> TASK GOAL:
Will you quote precisely the lines that run from the top of the material below to the line containing "97 Cortis Way, Langford WA 6147", both ends included?
--- MATERIAL TO PROCESS ---
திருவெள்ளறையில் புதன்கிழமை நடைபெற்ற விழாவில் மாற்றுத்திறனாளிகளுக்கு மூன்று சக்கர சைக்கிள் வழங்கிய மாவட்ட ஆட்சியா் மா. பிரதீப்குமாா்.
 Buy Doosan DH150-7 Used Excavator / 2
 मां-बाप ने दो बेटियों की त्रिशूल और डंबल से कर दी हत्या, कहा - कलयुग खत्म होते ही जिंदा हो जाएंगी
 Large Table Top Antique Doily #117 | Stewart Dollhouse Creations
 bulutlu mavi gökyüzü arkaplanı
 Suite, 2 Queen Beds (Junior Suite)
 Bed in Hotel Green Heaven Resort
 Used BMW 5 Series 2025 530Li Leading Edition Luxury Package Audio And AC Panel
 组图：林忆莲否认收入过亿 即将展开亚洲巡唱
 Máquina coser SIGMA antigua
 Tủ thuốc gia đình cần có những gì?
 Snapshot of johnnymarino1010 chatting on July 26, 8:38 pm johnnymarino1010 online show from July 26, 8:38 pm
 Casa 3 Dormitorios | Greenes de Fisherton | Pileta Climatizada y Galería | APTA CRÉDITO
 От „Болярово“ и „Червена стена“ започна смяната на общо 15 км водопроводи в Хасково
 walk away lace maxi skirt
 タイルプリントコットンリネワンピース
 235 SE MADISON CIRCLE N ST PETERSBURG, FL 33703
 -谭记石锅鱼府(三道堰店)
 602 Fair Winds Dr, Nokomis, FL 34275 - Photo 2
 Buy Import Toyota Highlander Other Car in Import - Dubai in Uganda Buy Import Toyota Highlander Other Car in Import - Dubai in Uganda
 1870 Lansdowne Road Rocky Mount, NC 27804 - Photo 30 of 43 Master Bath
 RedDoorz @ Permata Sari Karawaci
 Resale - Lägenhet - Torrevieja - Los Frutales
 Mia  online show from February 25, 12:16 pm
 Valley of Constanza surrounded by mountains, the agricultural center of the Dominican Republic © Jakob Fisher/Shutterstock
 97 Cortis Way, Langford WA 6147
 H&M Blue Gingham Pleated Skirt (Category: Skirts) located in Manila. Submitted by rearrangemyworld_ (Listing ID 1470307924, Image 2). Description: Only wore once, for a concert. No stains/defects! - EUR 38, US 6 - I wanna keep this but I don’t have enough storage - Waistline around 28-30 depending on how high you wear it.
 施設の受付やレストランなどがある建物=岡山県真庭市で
---
> SOLUTION:
திருவெள்ளறையில் புதன்கிழமை நடைபெற்ற விழாவில் மாற்றுத்திறனாளிகளுக்கு மூன்று சக்கர சைக்கிள் வழங்கிய மாவட்ட ஆட்சியா் மா. பிரதீப்குமாா்.
 Buy Doosan DH150-7 Used Excavator / 2
 मां-बाप ने दो बेटियों की त्रिशूल और डंबल से कर दी हत्या, कहा - कलयुग खत्म होते ही जिंदा हो जाएंगी
 Large Table Top Antique Doily #117 | Stewart Dollhouse Creations
 bulutlu mavi gökyüzü arkaplanı
 Suite, 2 Queen Beds (Junior Suite)
 Bed in Hotel Green Heaven Resort
 Used BMW 5 Series 2025 530Li Leading Edition Luxury Package Audio And AC Panel
 组图：林忆莲否认收入过亿 即将展开亚洲巡唱
 Máquina coser SIGMA antigua
 Tủ thuốc gia đình cần có những gì?
 Snapshot of johnnymarino1010 chatting on July 26, 8:38 pm johnnymarino1010 online show from July 26, 8:38 pm
 Casa 3 Dormitorios | Greenes de Fisherton | Pileta Climatizada y Galería | APTA CRÉDITO
 От „Болярово“ и „Червена стена“ започна смяната на общо 15 км водопроводи в Хасково
 walk away lace maxi skirt
 タイルプリントコットンリネワンピース
 235 SE MADISON CIRCLE N ST PETERSBURG, FL 33703
 -谭记石锅鱼府(三道堰店)
 602 Fair Winds Dr, Nokomis, FL 34275 - Photo 2
 Buy Import Toyota Highlander Other Car in Import - Dubai in Uganda Buy Import Toyota Highlander Other Car in Import - Dubai in Uganda
 1870 Lansdowne Road Rocky Mount, NC 27804 - Photo 30 of 43 Master Bath
 RedDoorz @ Permata Sari Karawaci
 Resale - Lägenhet - Torrevieja - Los Frutales
 Mia  online show from February 25, 12:16 pm
 Valley of Constanza surrounded by mountains, the agricultural center of the Dominican Republic © Jakob Fisher/Shutterstock
 97 Cortis Way, Langford WA 6147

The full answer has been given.